Streams offer another way to represent sequential data implicitly. A stream is a lazily computed linked list. Like the Link class from Chapter 2, a Stream instance responds to requests for its first element and the rest of the stream. Like an Link, the rest of a Stream is itself a Stream. Unlike an Link, the rest of a stream is only computed when it is looked up, rather than being stored in advance. That is, the rest of a stream is computed lazily.

To achieve this lazy evaluation, a stream stores a function that computes the rest of the stream. Whenever this function is called, its returned value is cached as part of the stream in an attribute called _rest, named with an underscore to indicate that it should not be accessed directly.

The accessible attribute rest is a property method that returns the rest of the stream, computing it if necessary. With this design, a stream stores how to compute the rest of the stream, rather than always storing the rest explicitly.

>>> class Stream:
            """A lazily computed linked list."""
            class empty:
                def __repr__(self):
                    return 'Stream.empty'
            empty = empty()
            def __init__(self, first, compute_rest=lambda: empty):
                assert callable(compute_rest), 'compute_rest must be callable.'
                self.first = first
                self._compute_rest = compute_rest
            @property
            def rest(self):
                """Return the rest of the stream, computing it if necessary."""
                if self._compute_rest is not None:
                    self._rest = self._compute_rest()
                    self._compute_rest = None
                return self._rest
            def __repr__(self):
                return 'Stream({0}, <...>)'.format(repr(self.first))
    

A linked list is defined using a nested expression. For example, we can create an Link that represents the elements 1 then 5 as follows:

>>> r = Link(1, Link(2+3, Link(9)))
    

Likewise, we can create a Stream representing the same series. The Stream does not actually compute the second element 5 until the rest of the stream is requested. We achieve this effect by creating anonymous functions.

>>> s = Stream(1, lambda: Stream(2+3, lambda: Stream(9)))
    

Here, 1 is the first element of the stream, and the lambda expression that follows returns a function for computing the rest of the stream.

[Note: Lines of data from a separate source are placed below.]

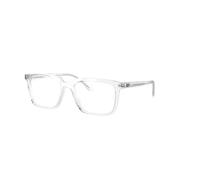 Alain Optical Frame - unisex - Ray-Ban - Glasses - Gray - 55 MM - Accessories 55 MM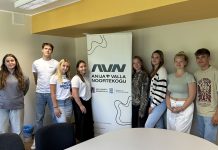 Anija valla noortekogu juhatuse esimehena jätkab MIRTEL MARIA RULLI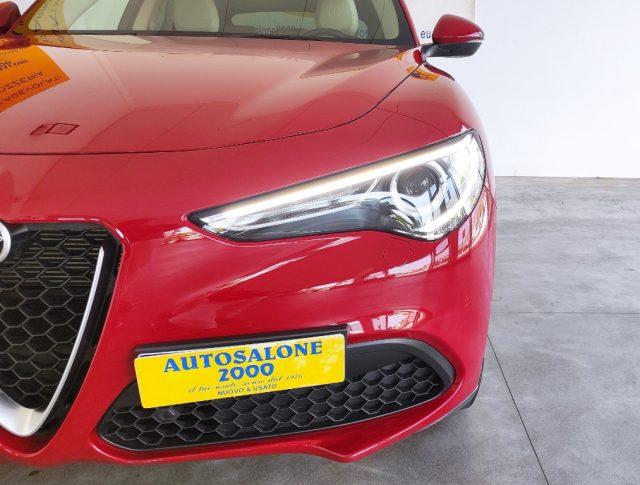 ALFA ROMEO Stelvio 2.0 Turbo 200 CV AT8 Q4 Sprint Ti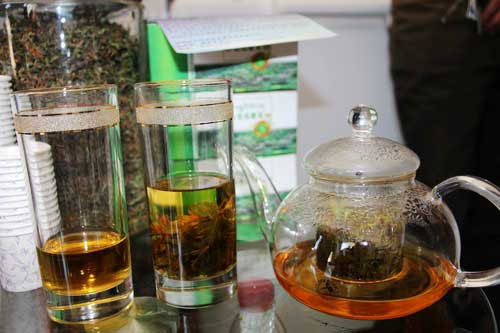 Ancient Tibetan tea returns to market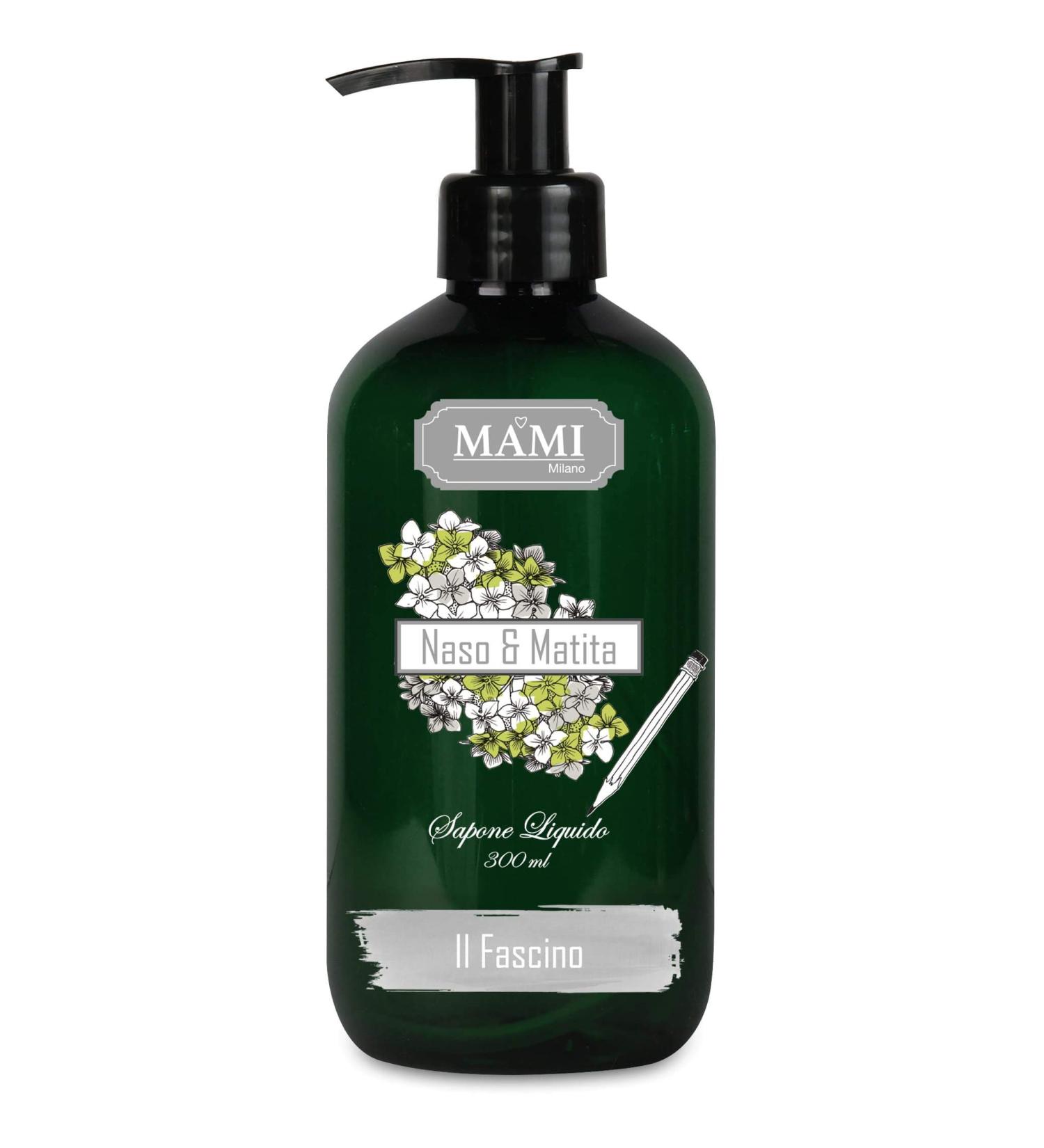 MAMI MILANO Mami Milano - Liquid Soap 300 ml - The charm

Accessing the elements of linked list r and stream s proceed similarly. However, while 5 is stored within r, it is computed on demand for s via addition, the first time that it is requested.

>>> r.first
    1
    >>> s.first
    1
    >>> r.rest.first
    5
    >>> s.rest.first
    5
    >>> r.rest
    Link(5, Link(9))
    >>> s.rest
    Stream(5, <...>)
    

While the rest of r is a two-element linked list, the rest of s includes a function to compute the rest; the fact that it will return the empty stream may not yet have been discovered.

When a Stream instance is constructed, the field self._rest is None, signifying that the rest of the Stream has not yet been computed. When the rest attribute is requested via a dot expression, the rest property method is invoked, which triggers computation with self._rest = self._compute_rest(). Because of the caching mechanism within a Stream, the compute_rest function is only ever called once, then discarded.

The essential properties of a compute_rest function are that it takes no arguments, and it returns a Stream or Stream.empty.

Lazy evaluation gives us the ability to represent infinite sequential datasets using streams. For example, we can represent increasing integers, starting at any first value.

>>> def integer_stream(first):
            def compute_rest():
                return integer_stream(first+1)
            return Stream(first, compute_rest)
    
>>> positives = integer_stream(1)
    >>> positives
    Stream(1, <...>)
    >>> positives.first
    1
    

When integer_stream is called for the first time, it returns a stream whose first is the first integer in the sequence. However, integer_stream is actually recursive because this stream's compute_rest calls integer_stream again, with an incremented argument. We say that integer_stream is lazy because the recursive call to integer_stream is only made whenever the rest of an integer stream is requested.

>>> positives.first
    1
    >>> positives.rest.first
    2
    >>> positives.rest.rest
    Stream(3, <...>)
    

The same higher-order functions that manipulate sequences -- map and filter -- also apply to streams, although their implementations must change to apply their argument functions lazily. The function map_stream maps a function over a stream, which produces a new stream. The locally defined compute_rest function ensures that the function will be mapped onto the rest of the stream whenever the rest is computed.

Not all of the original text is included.